I do love the Brighton Festival fringe...

Arts Council Flat
... though I think the outside of the building could do with a lick of paint before they start on the ninth floor.

Anyhoo, I don't really have time to appreciate art in a council flat, because as anyone who's read my ridiculous schedule for May will know, last night was the start of my nine-shows-in-three-weeks cultural marathon. Lisa and I went to see The Brighton Moment at the Komedia, and may I say it was very good. Well, parts of it were very good. The bit I liked best was when we walked out after half an hour and went home.

If you read the Brighton Festival programme, or click on the link above, you'll see that the event is described thus:

"The brightest and glitteriest of the city's literati take over the Komedia Upstairs for a one night cabaret of bite-sized Brighton moments... Catch live contributions from Peter James, Jeff Noon, Julie Burchill... and others."

Now, I don't know about you, but to me that indicates something slightly more entertaining than a succession of people just reading aloud. It started well, when three people without microphones came out and read us a chapter of 'Brighton Rock' by Graham Greene. I've no idea why. I think they'd been going for about two minutes when Lisa whispered in my ear "How long shall we give it?". Frankly she was being generous. I'd been tempted to leave before they started. Mind you, we got off pretty lightly - just think how much worse it would have been if we could actually hear them.

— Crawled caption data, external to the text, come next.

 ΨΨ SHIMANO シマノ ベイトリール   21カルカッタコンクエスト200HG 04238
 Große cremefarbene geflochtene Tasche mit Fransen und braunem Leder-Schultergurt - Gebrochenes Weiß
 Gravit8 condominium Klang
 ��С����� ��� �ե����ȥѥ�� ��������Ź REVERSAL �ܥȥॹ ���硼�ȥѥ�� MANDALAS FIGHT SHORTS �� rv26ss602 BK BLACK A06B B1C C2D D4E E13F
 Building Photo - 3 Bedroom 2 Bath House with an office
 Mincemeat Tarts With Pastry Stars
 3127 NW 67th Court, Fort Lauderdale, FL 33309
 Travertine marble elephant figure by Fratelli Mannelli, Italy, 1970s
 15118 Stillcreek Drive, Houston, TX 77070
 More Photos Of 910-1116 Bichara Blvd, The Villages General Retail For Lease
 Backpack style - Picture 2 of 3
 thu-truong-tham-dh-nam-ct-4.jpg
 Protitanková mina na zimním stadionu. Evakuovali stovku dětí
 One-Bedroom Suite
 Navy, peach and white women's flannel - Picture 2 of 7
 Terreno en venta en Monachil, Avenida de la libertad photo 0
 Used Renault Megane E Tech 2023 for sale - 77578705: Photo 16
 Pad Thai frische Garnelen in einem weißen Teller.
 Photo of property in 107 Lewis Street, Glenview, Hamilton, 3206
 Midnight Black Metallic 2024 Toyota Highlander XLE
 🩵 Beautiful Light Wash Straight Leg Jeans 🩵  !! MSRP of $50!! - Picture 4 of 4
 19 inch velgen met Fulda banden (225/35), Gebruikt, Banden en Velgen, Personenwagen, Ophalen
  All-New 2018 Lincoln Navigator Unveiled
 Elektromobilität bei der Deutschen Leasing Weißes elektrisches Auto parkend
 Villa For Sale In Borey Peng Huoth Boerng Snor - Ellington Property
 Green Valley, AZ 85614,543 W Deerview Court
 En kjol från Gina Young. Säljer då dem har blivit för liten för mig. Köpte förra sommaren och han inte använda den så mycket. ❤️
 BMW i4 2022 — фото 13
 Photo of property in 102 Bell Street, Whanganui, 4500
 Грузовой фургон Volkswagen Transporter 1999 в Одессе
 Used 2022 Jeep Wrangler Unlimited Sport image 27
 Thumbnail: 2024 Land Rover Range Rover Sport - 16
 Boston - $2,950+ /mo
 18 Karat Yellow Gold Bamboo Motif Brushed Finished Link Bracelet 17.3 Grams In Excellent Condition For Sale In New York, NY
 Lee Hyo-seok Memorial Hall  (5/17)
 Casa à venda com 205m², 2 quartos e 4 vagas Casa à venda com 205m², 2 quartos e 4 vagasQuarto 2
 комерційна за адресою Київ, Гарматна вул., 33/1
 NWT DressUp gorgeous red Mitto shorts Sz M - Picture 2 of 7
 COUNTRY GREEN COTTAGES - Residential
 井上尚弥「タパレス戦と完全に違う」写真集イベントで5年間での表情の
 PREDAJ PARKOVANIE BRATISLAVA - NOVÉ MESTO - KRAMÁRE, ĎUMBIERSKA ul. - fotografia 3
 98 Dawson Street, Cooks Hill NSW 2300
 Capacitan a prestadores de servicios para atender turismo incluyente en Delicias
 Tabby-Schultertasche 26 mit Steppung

To be fair, one of the writers we heard before we ran screaming from the place was quite amusing. David Bramwell, author of The Cheeky Guide to Brighton, read an entertaining tale about a seance, but the problem was that any moments of light relief were counterbalanced by the fact that we were in physical pain the whole way through. For some reason, the organisers had decided that everyone should sit around impossibly cramped tables like we were at some kind of awards ceremony for midgets, and seemed to think that as long as there was room to push twelve chairs under each table, then people would be able to sit down.

Having managed to find two spare seats by essentially climbing over people's shoulders, we (and by 'we' I mean a pregnant woman and a fat bloke) were expected to somehow squeeze ourselves into a six inch gap between the table and the backs of the chairs, before clashing knees with the other ten people wedged either side of us. And let's not forget that the seats at the Komedia aren't exactly comfortable to begin with. I felt like leaving the moment we sat down. And I would have done if I wasn't stuck fast.

Anyhoo, we managed to sit through six of the scheduled eighteen writers before making a bid for freedom. Each simply read aloud from something they'd written (which to me, isn't exactly cabaret). The exception to the rule was Julie Burchill. When it came to her turn, host Annabel Giles announced that Julie prefers to have an actress read her words, so instead of Ms Burchill taking to the stage, up stepped Jolie Pierce, a radical feminist who once ran a magazine called 'Flow - For Women Who Bleed'. I'm sorry, but when I pay £7.50 to hear a "live contribution from Julie Burchill" (and let's face it, she was the only famous person on the bill) I expect a bit more than just someone else reading aloud from her book.

We're going to see Mike Leigh tomorrow night. Or possibly just an actor who's seen one of his films.